Aya Lamadrid

“Aren’t you scared?” my friend asked.

“Scared of what?” I uttered as I took a sip of my favorite salted caramel milk tea that we ordered.

“Of — of the possibility, of living alone? Of not being able to experience love? You know, the usual narratives portraying the life of our community, especially that of ours.”

I was stunned for a moment. I looked away and tried to find the answers in the view of accelerating cars and pedestrians walking. My friends know me for having lots of fears, and seeing me coming out of my own shell and taking risks is like them seeing an eclipse – it still happens, once in a blue moon.

“I used to. I used to be scared.”

I remember when I first came out to my mom — oh yes, because I came out twice. First, as a member of the LGBTQI community and second as a transgender woman. When I first came out, my mom warned me to protect my heart at all costs from men who are advantageous and have nothing but dark intentions.

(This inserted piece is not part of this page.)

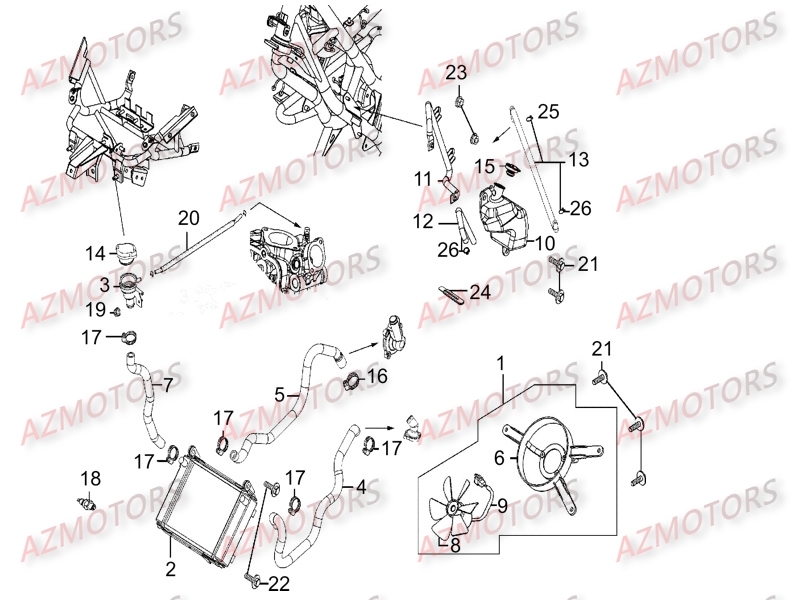 REFROIDISSEMENT KYMCO K XCT 125 III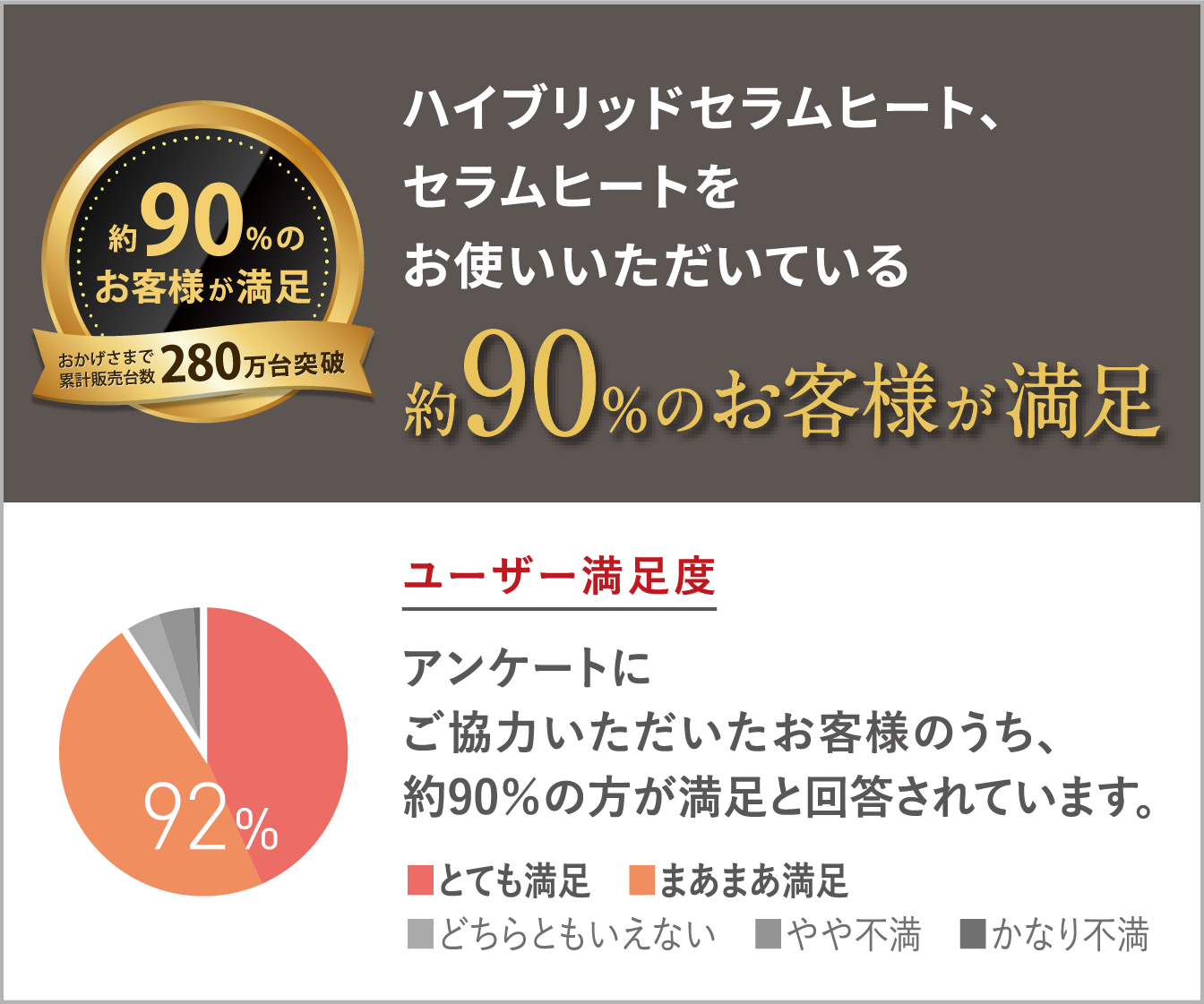 遠赤外線暖房機 セラムヒート 特長 家電量販店取扱製品 | 遠赤外線暖房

I was riding a bus heading to Tagaytay when I read her text and that instantly brought me to tears (of joy). Some passengers were even looking at me with curiosity and pity. In all fairness, my mom did not fail to make me cry the second time I came out; the only difference was that the tears that came out from my eyes were not of joy but of pain and anguish.  I could never forget when she said, “Prepare yourself to grow old alone. You chose that path so be ready for the repercussions.”

Well, that was harsh. Should coming out be at the cost of losing the chance of experiencing romantic love? Should embracing my truth be at the expense of living alone until my last breath? Why does life have to be this unfair for us who are just accepting ourselves?

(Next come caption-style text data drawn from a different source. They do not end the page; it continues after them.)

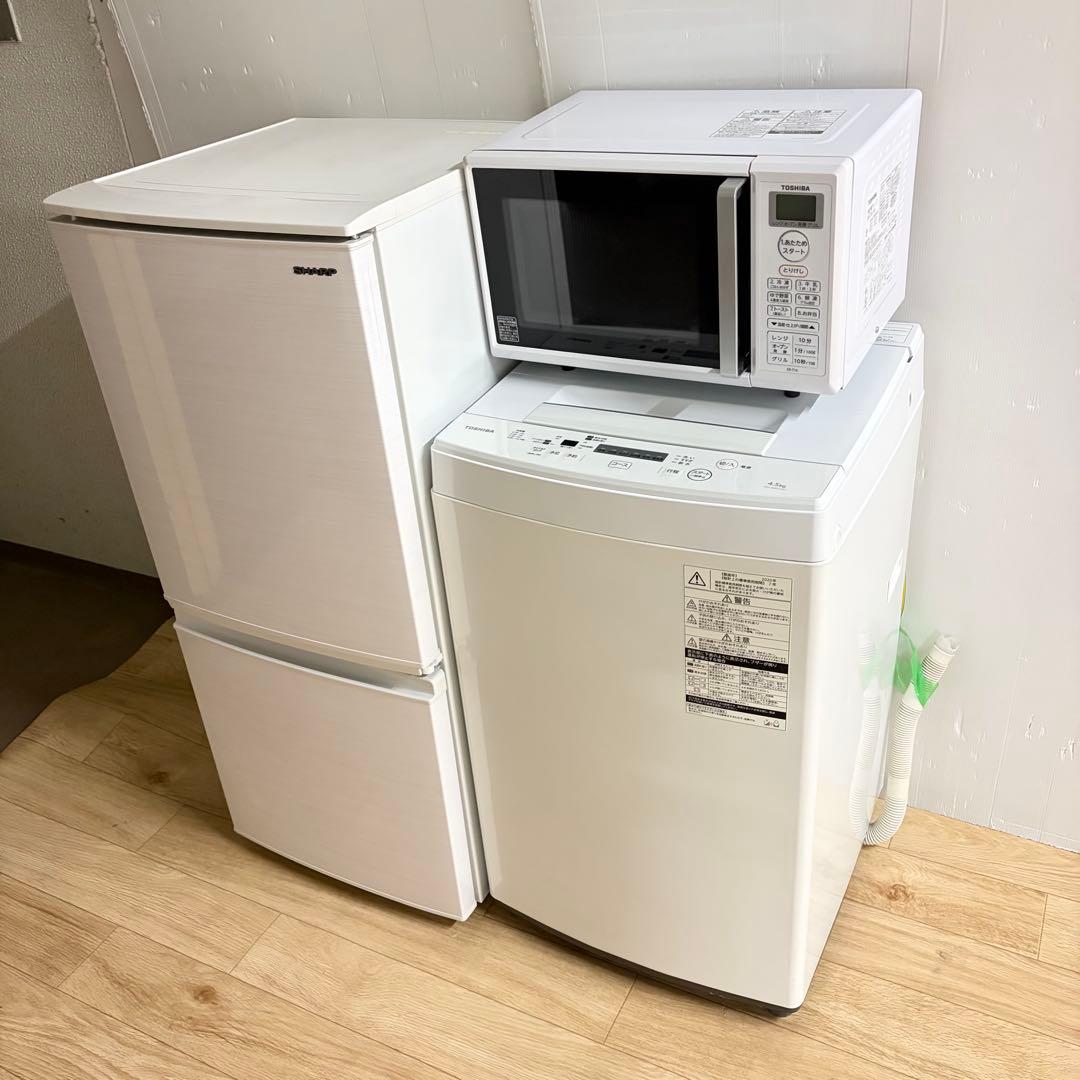 aykです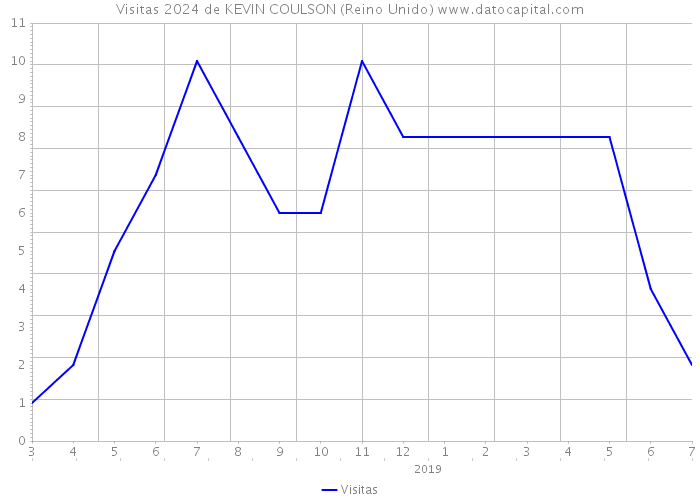 Visitas 2024 de KEVIN COULSON (Reino Unido) 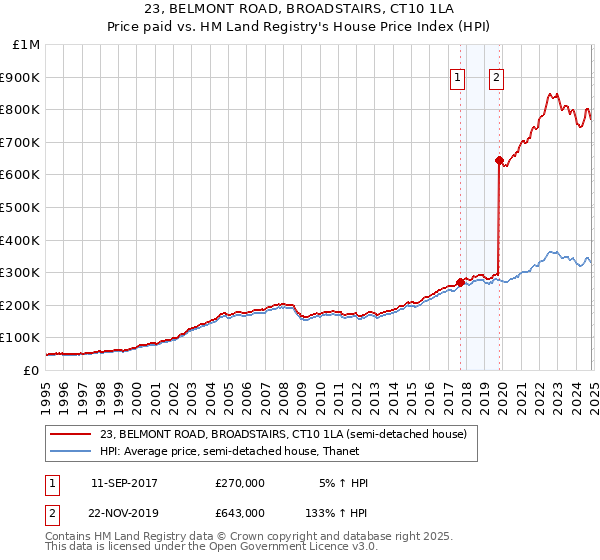 23, BELMONT ROAD, BROADSTAIRS, CT10 1LA: Price paid vs HM Land Registry's House Price Index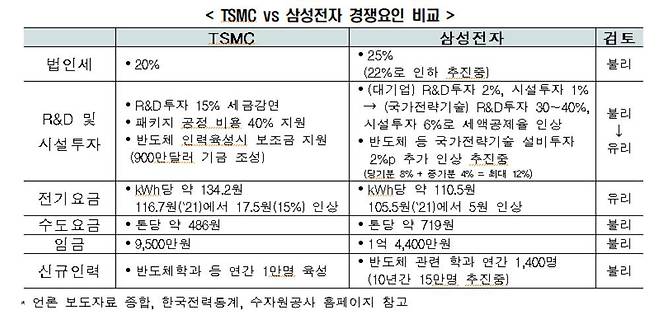 삼성전자, TSMC 경쟁요인 비교표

In hindsight, I began to realize that my mom did not intend to hurt me; she just wanted me to not set idealistic thoughts but rather to expect for the worst. The world is far from perfection, and I am not an exception.

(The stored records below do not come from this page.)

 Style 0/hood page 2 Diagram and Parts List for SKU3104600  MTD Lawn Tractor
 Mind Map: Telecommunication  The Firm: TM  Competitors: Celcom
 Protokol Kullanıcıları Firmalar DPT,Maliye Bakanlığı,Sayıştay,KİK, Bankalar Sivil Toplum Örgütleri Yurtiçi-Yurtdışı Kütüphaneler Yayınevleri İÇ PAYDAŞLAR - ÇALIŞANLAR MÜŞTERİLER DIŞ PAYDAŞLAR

“I was scared because I was a fan of romance – from novels to movies. I feared not being able to experience the love that brought me in this world, the very reason for my existence. I said, was. Because now, I am learning that not having a man by your side until your hairs turn white is not a dealbreaker. For happiness does not revolve around romantic love. I found love in coming home being welcomed by my fur baby wagging his tails. I found love in waking up early in the morning and having my cup of coffee while waiting for the sun to rise. I found love in night walks. I found love in cooking. I found love, and that brought me genuine happiness.”